From Data Warehouse to Data Lakehouse: The Evolution of Data Analytics Platforms
As a data management company, Cloudian has always been interested in how organizations manage their data. A lot of attention has been paid to the WHY and HOW of data interactions, as well as WHERE data is stored. One particularly interesting combination of why, how and where is data analytics.
To date, object storage has not had a defining role in the data analytics space. Instead, organizations have mostly relied on traditional block and file storage solutions housing structured/semi-structured data. At best organizations might have placed a database backup onto an S3 object storage target, but object storage was rarely used as a primary data repository.
Today, with the business driver of building out successful data lakehouses, analytics platforms such as Greenplum, Vertica and SQL Server 2022 now support object storage data repositories via the S3 API. Many other platforms, such as Teradata, have the functionality coming soon. This means that as an S3 compatible object storage platform, Cloudian can be used to house a variety of data sets for a variety of analytics (and non-analytics) use cases!
WHY is this important?
A brief history of data warehousing and analytics will help explain.
Data warehouses have existed for decades and are great for performing specific queries on structured data, such as a company billing/invoicing system. In a data warehouse, data inputs are structured; the data isn’t growing exponentially; and many frameworks/workflows exist as part of business intelligence (BI) and reporting tools. The challenge here is that as organizations have developed and evolved, so has the relationship between the organization and its data.
In the mid-to-late 2000s, a need to collect, query and monetize a large amount of company data began to emerge. This new data was structured, semi-structured and unstructured and came from different data sources at blinding speeds. Organizations wanted to leverage data science or machine learning techniques to provide some desired output or piece of monetizable information, such as a formula that would predict the failure rate of a widget based on millions of data points. The term “data lake” was coined, and a data lake’s purpose was to store data in raw formats. The challenge here was that data lakes are good for storing data, not enforcing data quality or running transactions on top of them.

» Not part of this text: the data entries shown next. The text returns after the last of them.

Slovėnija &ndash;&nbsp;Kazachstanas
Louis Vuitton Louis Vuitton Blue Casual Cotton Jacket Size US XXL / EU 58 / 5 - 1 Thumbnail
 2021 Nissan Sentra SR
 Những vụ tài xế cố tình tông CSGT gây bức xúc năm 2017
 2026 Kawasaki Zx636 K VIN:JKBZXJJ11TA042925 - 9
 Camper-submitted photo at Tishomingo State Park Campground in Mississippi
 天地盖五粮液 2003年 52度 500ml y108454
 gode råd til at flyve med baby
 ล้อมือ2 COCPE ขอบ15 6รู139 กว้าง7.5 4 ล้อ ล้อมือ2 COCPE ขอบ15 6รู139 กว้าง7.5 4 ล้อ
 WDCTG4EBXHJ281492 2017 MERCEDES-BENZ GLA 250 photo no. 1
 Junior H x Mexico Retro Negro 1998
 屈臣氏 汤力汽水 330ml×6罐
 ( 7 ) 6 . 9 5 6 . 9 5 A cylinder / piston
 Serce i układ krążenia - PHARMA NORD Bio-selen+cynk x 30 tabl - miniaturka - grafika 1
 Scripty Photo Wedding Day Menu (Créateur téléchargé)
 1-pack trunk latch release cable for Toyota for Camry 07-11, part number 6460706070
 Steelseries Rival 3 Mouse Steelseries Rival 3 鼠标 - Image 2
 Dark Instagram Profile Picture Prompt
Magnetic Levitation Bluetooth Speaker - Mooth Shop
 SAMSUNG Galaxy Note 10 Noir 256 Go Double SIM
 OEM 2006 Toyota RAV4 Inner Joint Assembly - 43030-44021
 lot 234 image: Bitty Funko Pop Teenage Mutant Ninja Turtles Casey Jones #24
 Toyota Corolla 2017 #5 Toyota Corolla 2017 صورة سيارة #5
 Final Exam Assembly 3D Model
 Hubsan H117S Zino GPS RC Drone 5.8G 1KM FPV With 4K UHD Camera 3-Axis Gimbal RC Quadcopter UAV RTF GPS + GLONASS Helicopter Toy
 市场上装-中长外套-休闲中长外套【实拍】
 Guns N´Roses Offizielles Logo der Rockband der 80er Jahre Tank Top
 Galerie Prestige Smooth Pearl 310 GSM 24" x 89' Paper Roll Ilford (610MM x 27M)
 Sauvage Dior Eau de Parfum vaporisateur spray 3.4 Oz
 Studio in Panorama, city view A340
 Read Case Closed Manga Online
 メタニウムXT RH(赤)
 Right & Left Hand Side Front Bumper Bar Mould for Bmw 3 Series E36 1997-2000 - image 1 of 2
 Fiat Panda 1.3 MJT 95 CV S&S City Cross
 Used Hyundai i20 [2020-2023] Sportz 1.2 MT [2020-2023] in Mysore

Coming back to the present, object storage and the standardization of the S3 API for communication have changed the game. From a storage perspective, object stores can store a variety of data sets, everything from structured to unstructured data. From an analytics platform/BI tool perspective, it is now possible to tap into the entire data set via the S3 API.
HOW does this all come together?
S3-based object storage enables the creation of a modern data lakehouse, where storage can be decoupled from compute, diverse analytic workloads can be supported and tools/platforms are able to access data directly with standard S3 API calls.
WHERE does this all happen?
This all happens on premises, where Cloudian underpins a data lakehouse by providing scalable, cost-effective storage which is accessible by the S3 API.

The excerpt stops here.